Le pourquoiLe « vert » n'a jamais été une liste figée : les pêcheurs de l'Escaut cueillaient les herbes des berges. Seule l'oseille, par son acidité, est vraiment indispensable. [onskookboek ; CAG, Bisschop & Luyten 2015]
Dans une sauteuse large à fond épais, faites fondre le beurre à feu doux sans le laisser colorer. Jetez-y les échalotes ciselées et laissez-les fondre deux à trois minutes, juste le temps qu'elles deviennent translucides et qu'un parfum doux s'élève. Le beurre ne doit jamais roussir : ici on cherche le moelleux, pas le grillé.

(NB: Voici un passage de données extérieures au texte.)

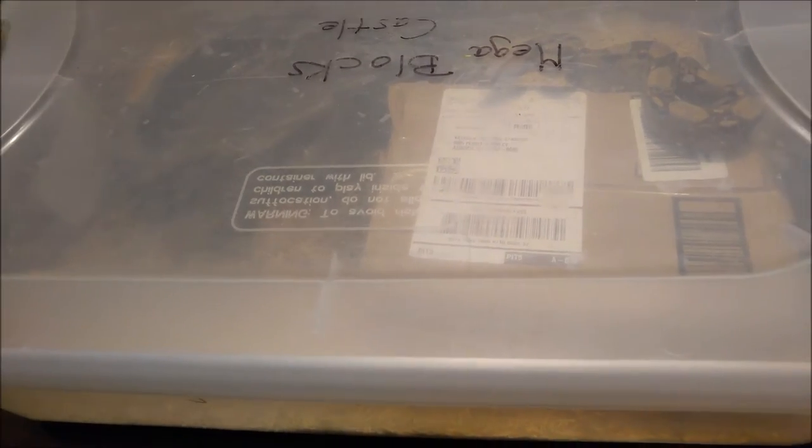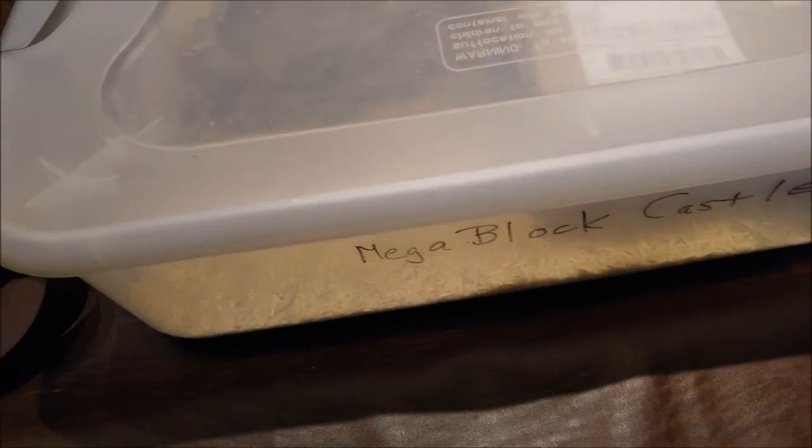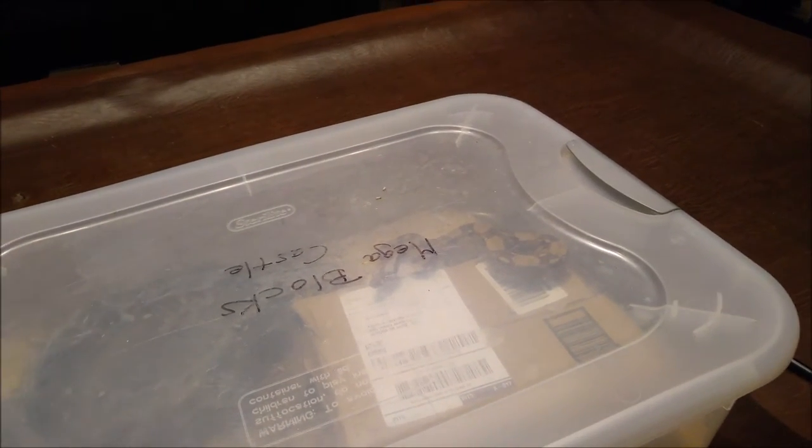If you get one and it gets too big for you, first of all shame on you, but things can happen. If that does happen, do not release it - it'll die. And even if you live somewhere it wouldn't die, still don't release it. Don't release animals into the wild - that's how situations like we have in Florida with the monitors and Burmese pythons happen, and we don't want any more animals getting banned. For more info on that, check out channels like Jake's Got Herps - he has videos on these snake ban issues.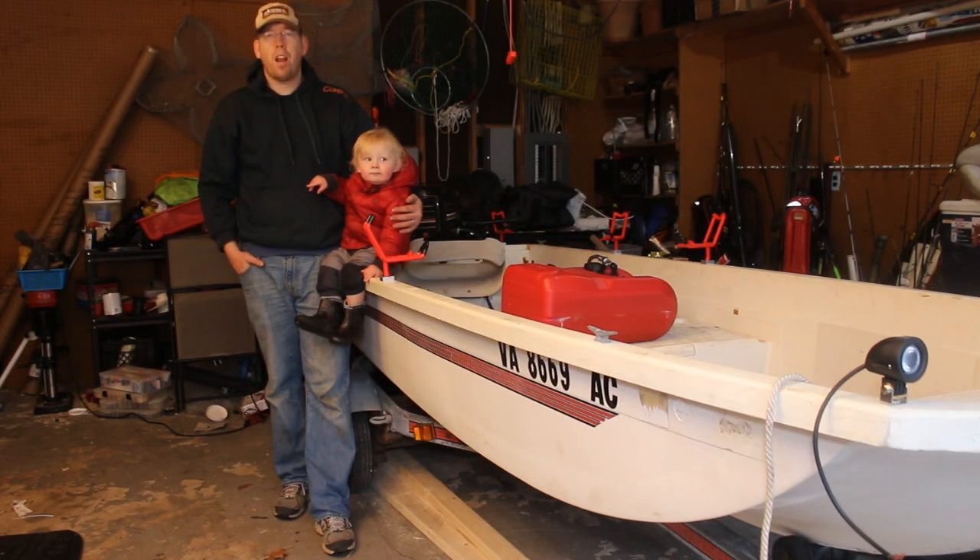We're moving right along on the boat project. The next step is I need to get the navigation lights hooked up, and I need to get the LED lights hooked up and all the electrical generally wired up.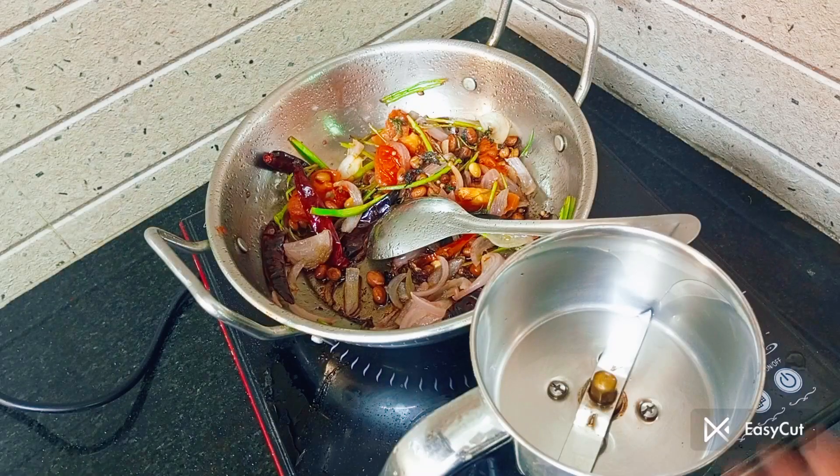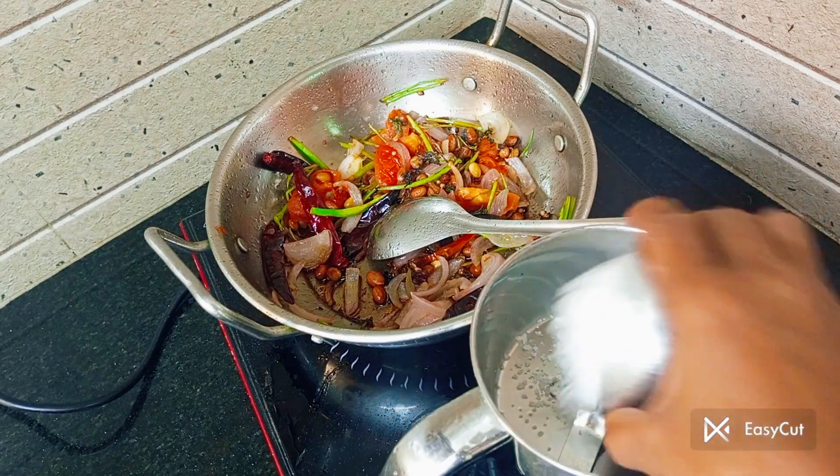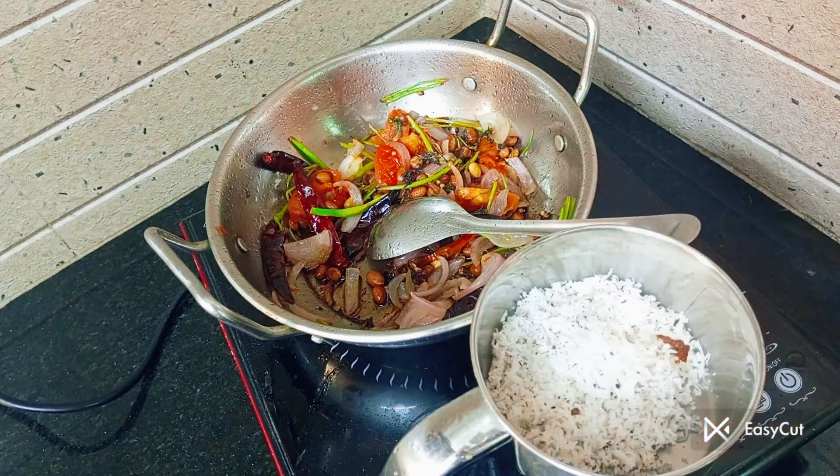Now, if you cut off the paniyar side, then you can cut off. When you cut off, you can cut off the paniyar side. The paniyar is good.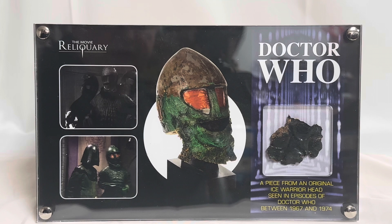You can see an image of the actual mask as it was before it was broken up into pieces, which is in the centre. On the left-hand side you can see two images. I believe one of them is from the Ice Warriors, which was Patrick Troughton, and the other one is from the Monsters of Peladon, or the Curse of Peladon rather, which starred Jon Pertwee. So the bottom one is definitely Peladon, and the top one is from the Ice Warriors — the second and the third Doctor.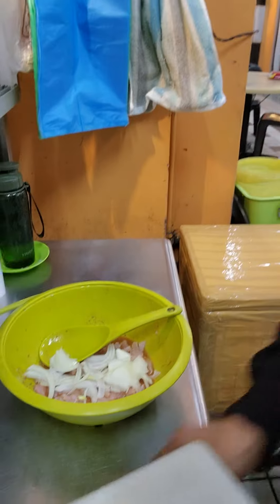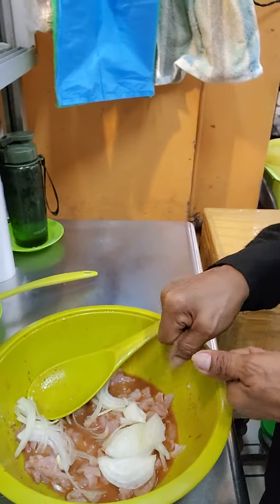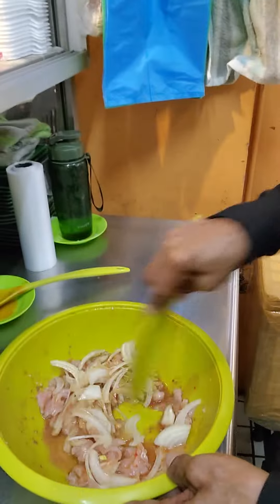This is auntie — she's Melanao and she will make the umai. I asked what's inside: mainly fish. I don't want it to be too spicy. I ordered a five ringgit umai.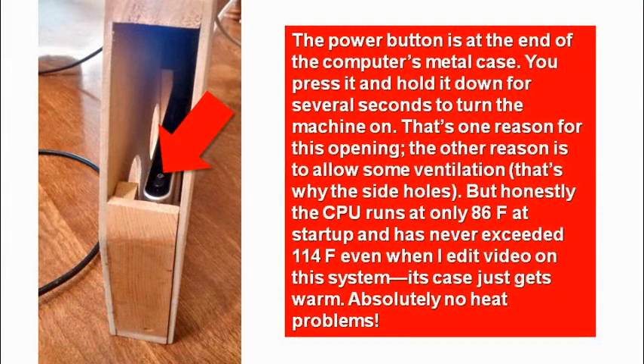The CPU doesn't run very hot. I have a program called Speccy from Piriform on it, and I can measure the temperature of the CPU — it never goes over 114°F, which is only about 10 to 15 degrees above body temperature. It's not really very warm, and I've never seen this thing really heat up too much, although it's got four cores going on in there.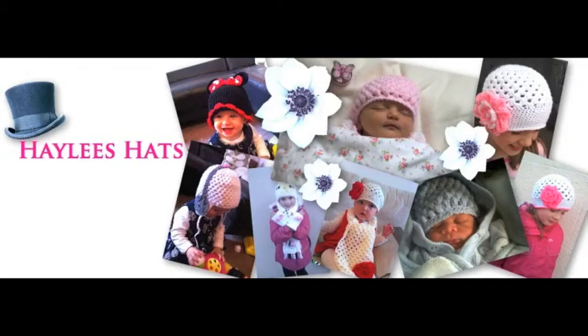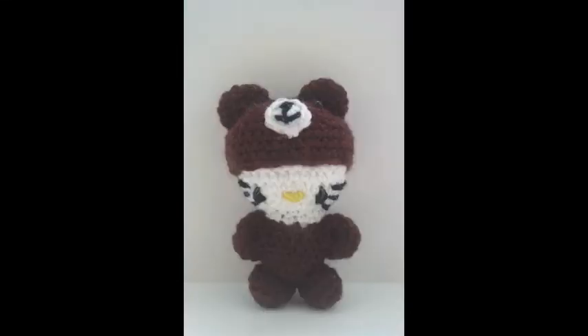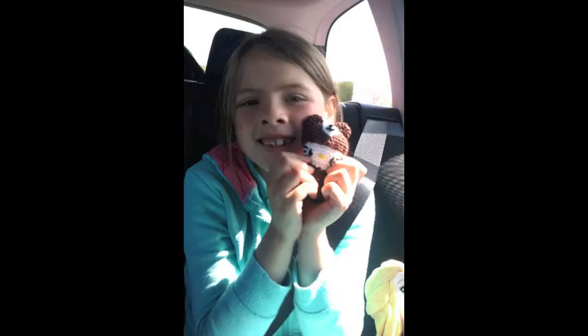Welcome to Fresh Off the Hook with Hayley from Hayley's Hats. I've made these little kitty dolls. These are the first stuffed toys that I've made — Amigurumi — and I really like the way they came out. The pattern I got from Kay and Jay Dolls on Etsy. I changed the face to make it a little kitty cat, and this is my daughter's — she absolutely loves it.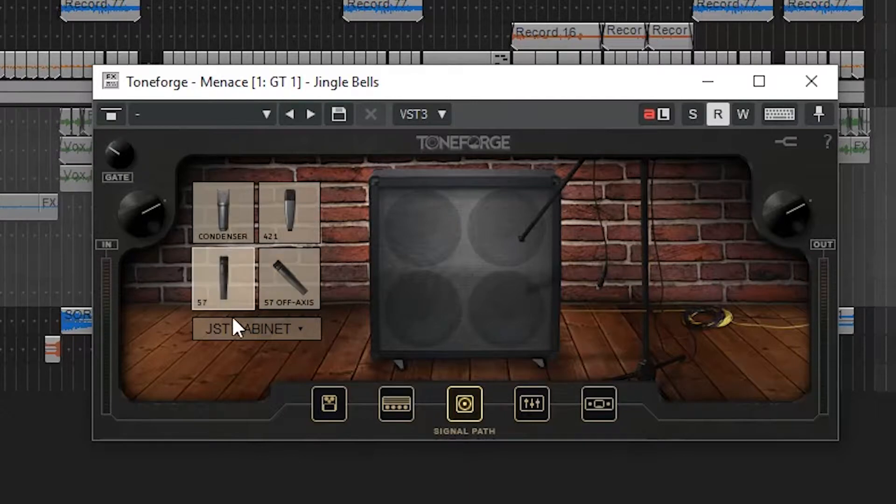If you wanted to try out other cabs, you can always get the Conquerall pack, and it might actually be compatible with other IRs as well. So if you want to load IRs, it's super easy. The IRs it does come with are Condenser 421, SM57, and the SM57 Off-Axis. Those are great starting points.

Le pourquoiLe beurre fondu et l'échalote bâtissent un fond doux ; sur une chair de rivière délicate, c'est le gras qui portera les herbes sans masquer l'anguille. [Convergence des sources natives]
Déposez les tronçons d'anguille en une seule couche dans la sauteuse. Mouillez avec le vin blanc et le bouillon de poisson, ajoutez le jus d'un demi-citron, et amenez tout juste au frémissement. Laissez pocher quatre à cinq minutes : la chair, d'abord translucide, devient nacrée et ferme. Retirez les tronçons et réservez-les au chaud ; le liquide, lui, reste dans la sauteuse, il deviendra la sauce.
Le pourquoiPocher l'anguille à part, puis finir la sauce avec son jus de pochage, empêche la chair de trop cuire et de devenir caoutchouteuse (tour de main du chef Pieter Lonneville, Bruges). [Tête Pressée, Bruges]
Faites réduire le liquide de pochage deux à trois minutes à feu vif pour le concentrer. Baissez le feu, puis jetez tout le bouquet vert d'un coup, oseille comprise. Remuez : en moins d'une minute, les herbes s'affaissent et teintent la sauce d'un vert vif et parfumé. Ne les laissez pas mijoter, elles perdraient leur couleur et leur fraîcheur.
Le pourquoiLes herbes fraîches gardent leur vert éclatant et leurs arômes volatils tant qu'elles ne voient la chaleur que quelques instants ; trop cuites, elles virent au kaki et leur parfum s'enfuit. [Convergence ; McGee (chlorophylle)]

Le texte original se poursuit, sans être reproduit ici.